Con 67 años, Ian McEwan es, quizá, la figura más conocida del brillante grupo de narradores británicos actuales. En los últimos años, suena su nombre como candidato al Nobel. Fue, probablemente, Expiación – y su versión cinematográfica - la obra que le consagró internacionalmente. Más allá del brillante estilo y las sutilezas psicológicas, se centraba en un complejo dilema moral. Eso mismo sucede en La ley del menor, su más reciente novela, cuya traducción acaba de publicarse.
Fiona, una jueza del Tribunal Superior inglés especializado en derecho de familia, a sus 59 años ha de enfrentarse a un doble problema, familiar y profesional: Jack, su marido, se aburre con ella y le pide permiso para una aventura extraconyugal; a la vez, le toca decidir si Adam, un joven enfermo de neumonía que todavía no ha alcanzado la mayoría de edad, testigo de Jehová, como sus padres, tiene derecho a rechazar las transfusiones de sangre, sin las que su muerte parece segura. Antes de dictar sentencia, Fiona decide visitarlo, en el Hospital, y encuentra a un joven atractivo, sensible, aficionado a la poesía y a la música: esa nueva relación hace tambalear su rígido equilibrio.
El relato se asoma a algunos problemas de la actual sociedad: los choques de culturas; la ola de divorcios y conflictos familiares; el radicalismo de algunas creencias religiosas, que iguala a judíos y musulmanes (pág. 23). Ante esto, una jueza razonable, de buena voluntad, no logra resolver sus dudas:
"Las religiones, los sistemas morales, el suyo incluído, eran como cimas de una densa cordillera vistas desde una gran distancia, entre las cuales ninguna destacaba de las otras por ser más alta, más importante o más verdadera. ¿Qué había que juzgar?" (p. 115).
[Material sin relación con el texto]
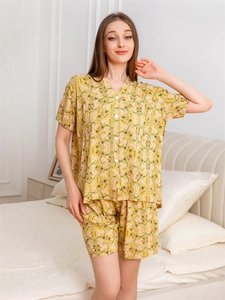 Close-up of rayon floral pajama set with yellow leaf print and white button details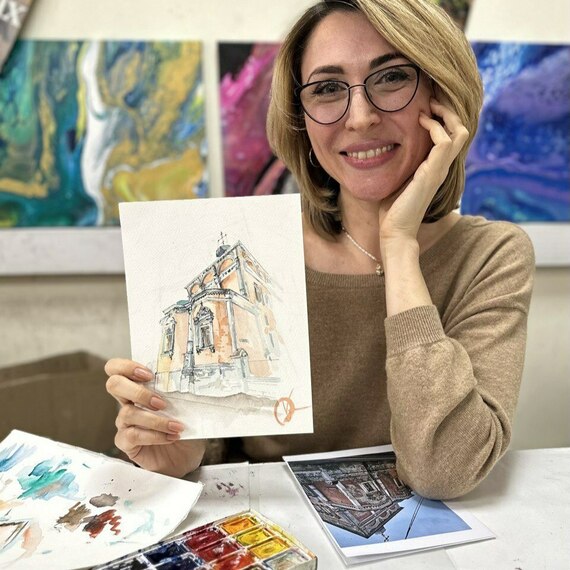 Женщина с акварельным рисунком здания в студии уютного художественного класса в Москве на протяжении зимнего дня. Фото 9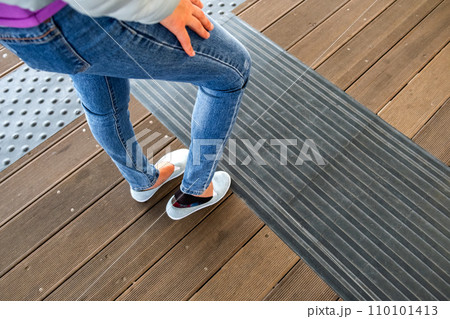 Female legs in denim jeans pants and light summer sneakers standing on wooden floow. Female legs in denim jeans pants and light summer sneakers standing on wooden floow. 110101413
Todo esto sucede en un mundo típicamente "british", donde llueve sin parar pero las aceras están limpias (a Londres no han llegado las "carmenadas"), se considera normal el "frío estival" y los cónyuges indignados controlan sus emociones:
"La conversación se encaminaba hacia una franqueza insoportable" (p. 43).
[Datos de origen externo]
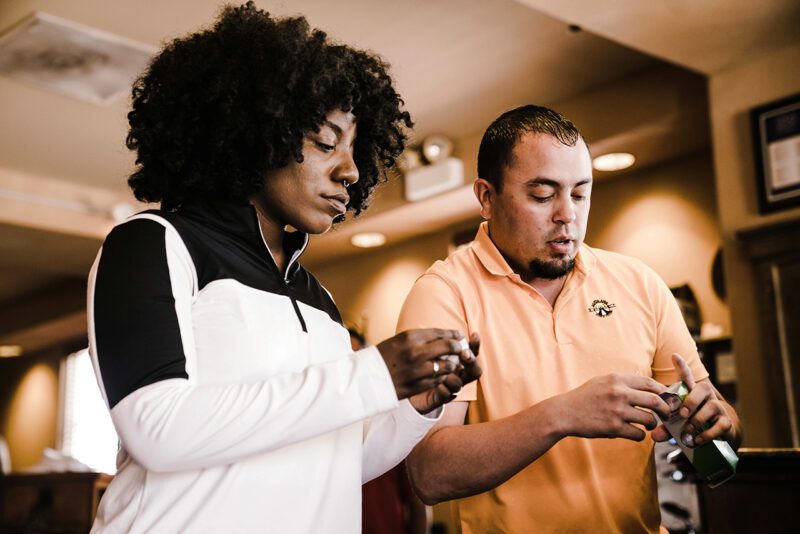 Black woman and latino man working together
Es el polo opuesto de cómo actuaría, en una situación semejante, por ejemplo, Ana Magnani. Pero a ese mundo tan rígidamente convencional también han llegado los cambios: las parejas se pelean por el dinero y la custodia de los hijos; en un Hospital moderno, que más bien parece un aeropuerto, dos enfermeras (una, filipina; la otra, caribeña) se saludan chocando las palmas, como jugadores de la NBA...
El episodio del juicio muestra la maestría del narrador para reproducir el lenguaje forense, tan concreto y cortante. Pero su mayor habilidad brilla en las sutilezas psicológicas:
"La estupidez que puede acompañar a una inteligencia aguda" (p. 108). En las brillantes paradojas: ¿haría falta un Tribunal especial para proteger a los mayores, como el que existe para los menores? (pág. 16). En las preguntas que tienen muy difícil respuesta: en esta sociedad desnortada, ¿cuál es el concepto de "la buena vida"? (pág. 24).
Dentro de la obra de McEwan, se singulariza esta novela por la importancia de la música, tanto clásica (Bach, Mahler, Schubert) como de jazz (Keith Jarrett, Thelonius Monk) y tradicional irlandesa (la preciosa canción "Down by the Sally Gardens"). El narrador tiene gusto, al elegir estas obras, pero parecen más propias de sus gustos personales que apropiadas para que las interprete una simple aficionada.
Con sus dilemas, su lograda atmósfera y el doble plano, sentimental y moral, el relato atrapa al lector, funciona como un buen mecanismo. En un "tiempo sin sentido", la protagonista vislumbra una "gruesa línea oscura": lo que quedará de los seres humanos, dentro de millones de años.
En resumen, un tema atractivo y una buena novela, que se lee con interés. Aunque, en la conclusión, predomine -creo- el morbo sentimental sobre la claridad del misterio.
Ian McEwan: La ley del menor, Barcelona, ed. Anagrama, diciembre 2015, 213 páginas, 17’90 euros. ISBN: 978-84-339-7935-3.